Re: Guarding against the use of upstream scripts

Posted by Bruno Mahé <bm...@apache.org>.
On 05/02/2012 08:34 AM, Roman Shaposhnik wrote:
> Guys,
> 
> I've noticed lately that new users of the Bigtop distro fall prey
> to thinking that they can simply utilized upstream launcher scripts
> as is by running them from under /usr/lib/<component>bin
> directories. Something this works. More often it doesn't.
> For example, in order for the hadoop scripts to work the users
> actually need to
>    export  HADOOP_LIBEXEC_DIR
> properly.
> 
> In case of Zookeeper there's more stuff to be setup in the env.
> before you can actually execute upstream scripts.
> 
> Most of these issues have to do with a tendency of upstream
> scripts to cater to the dev. environment where keeping logs, etc.
> in /tmp is perfectly fine. For Bigtop we have to override that and
> the place we do that is in /usr/bin/<component> launcher
> scripts.
> 
> Now the question is -- should we go out of our way to not
> let the users shoot themselves in the feet with trying to
> launch scripts that may fail in the Bigtop setting?
> 
> I could imagine that one approach could be removing an
> executable bit from them. That way we can still leverage
> the code in our /usr/bin scripts by passing the scripts
> as arguments to bash/sourcing, but the users won't be
> able to (easily) execute them directly. We can augment this
> strategy with moving these upstream script from under
> /usr/lib/<component>/bin -> /usr/lib/<component>/libexec
> to further strengthen the fact that they are not supposed
> to be executed directly.
> 
> What do you all think?
> 
> Thanks,
> Roman.
> 
> P.S. I guess there are 2 questions I'm asking really:
>    * is this worth attacking
>    * what would the most effective approach be


Great idea!

I would be a favor of starting with disabling the execution bit and see
how it goes.
This is easier and less intrusive than moving files around.

We can always move the files at a later point if necessary.

Thanks,
Bruno

Re: Guarding against the use of upstream scripts

Posted by Bruno Mahé <bm...@apache.org>.
Please, see my reply inline.
But I find it odd to read at the same time such a strong worded email,
while asking why is this done this way. Usually strong words are used
once the situation is understood and clarified.

On 05/02/2012 11:44 AM, Matt Foley wrote:
> What is the justification for saying "what we are doing in BigTop", when it
> is diverging from what has been done for years in the Components?  It seems
> that this is carelessly discarding what is being practiced at a lot of
> sites, because you'd rather do it this way.


Apache Bigtop (incubating) has made the choice from the very beginning
to be close to what GNU/Linux distributions have been doing and what
sysadmins have been used to.

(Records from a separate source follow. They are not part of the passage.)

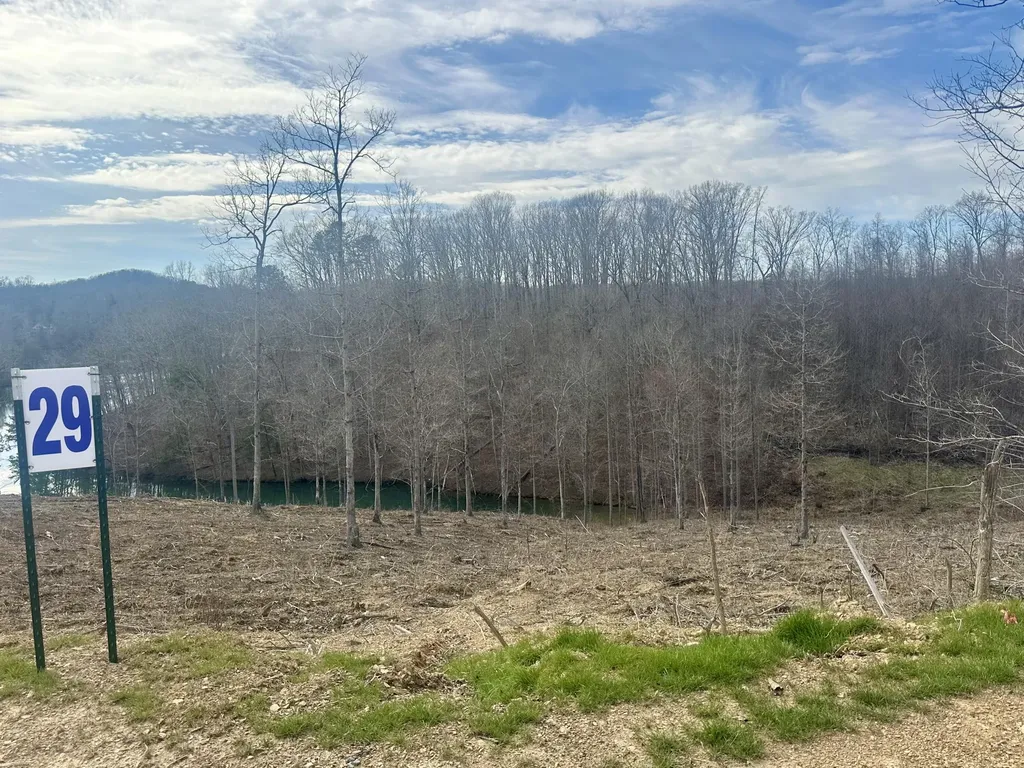 Lot 29 Sleepy Hollow Road East Bernstadt KY 40729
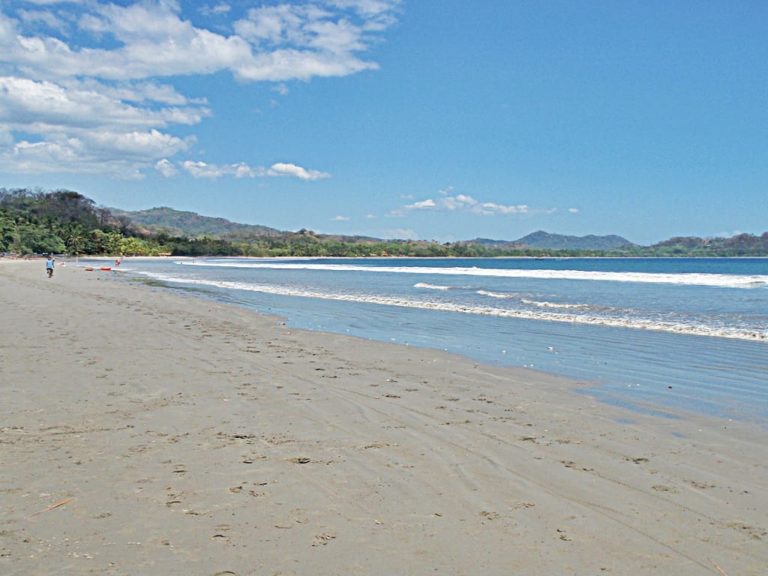 playa samara costa rica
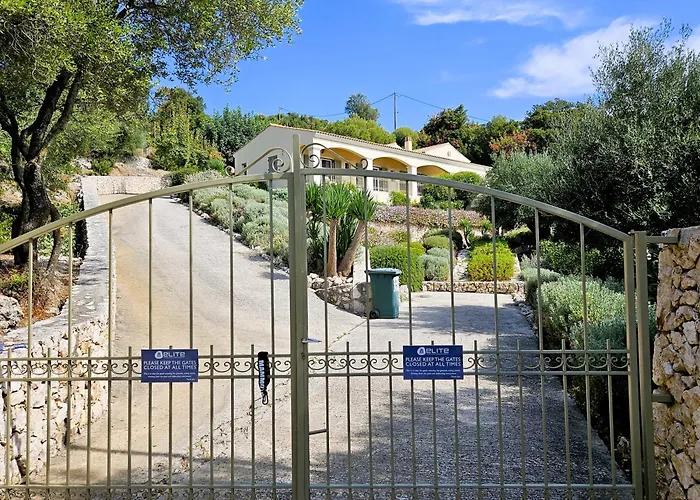 Villa Asteri, Old Skala - Secluded Location - Panoramic Sea Views - Infinity Pool Skala (Kefalonia)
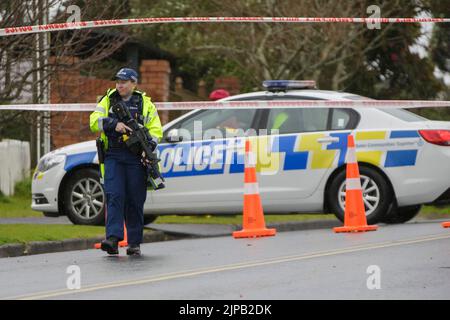 Auckland, Nuova Zelanda, 17 ago, 2022. Polizia armata guardia la scena in Ocean View Road, Hillcrest dopo che un uomo è morto a seguito di rapporti di una lotta. Credit: David Rowland/Alamy Live News Foto Stock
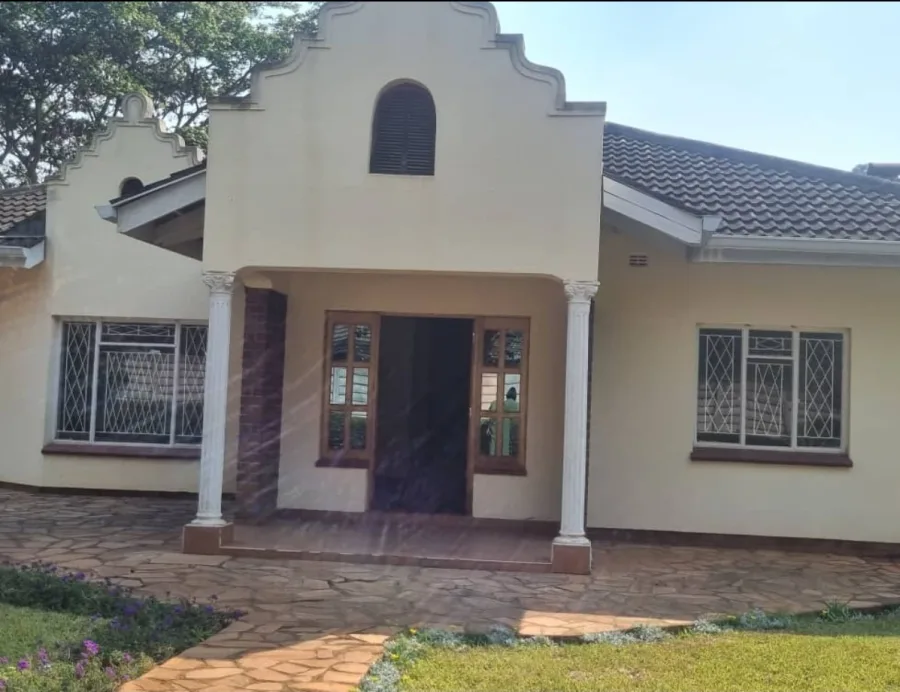 BORROWDALE DUAL-PURPOSE PROPERTY TO LET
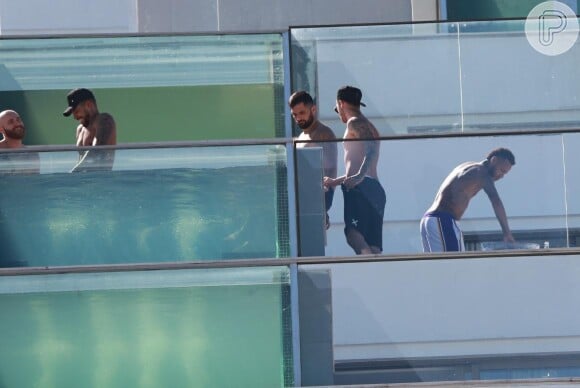 Neymar é fotografado com amigos em hotel de luxo no Rio de Janeiro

This can differ with the experience one may
have with a tarball development of Apache Hadoop.

Keep in mind also that each component has its own way of doing things.
Each one having its own issues.
Apache Bigtop (incubating) smooth this up and provide an easy and
unified experience to users.


>  Generally speaking, we make
> the Hadoop Ecosystem easier to use by adhering to familiar usage, rather
> than diverging.  Please give reasons for the divergence.

I respectfully disagree.
In order to use pristine Apache Hadoop, one would have to be familiar
with its usage and its configuration. Apache Hadoop experience is only
familiar to people *already* familiar with Apache Hadoop.

So using upstream Apache Hadoop will imply a lot of reading through
forums, documentation and frustration.
For instance, Apache Bigtop (incubating) will pre-set the ulimits for
you, will set up the logging to well-known locations, provide init
scripts and make a pseudo-configuration available to users.

In a word, Apache Bigtop (incubating) has a different use case than
upstream Apache Hadoop and therefore will be different in some areas

Thanks,
Bruno

Re: Guarding against the use of upstream scripts

Posted by Konstantin Boudnik <co...@apache.org>.
As a sys.admin with 8 years in the field I can only agree with the statement:
if one installs a software from a native OS package it is only expected that
the software and the package layout is inlined with the OS guidelines and
expectations.

So, I like proposed idea exactly for that exact reason: BigTop is trying to
provide a native OS experience for users who have chosen to use out stacks.
And let's make these stacks to work nicely with their OS of choice.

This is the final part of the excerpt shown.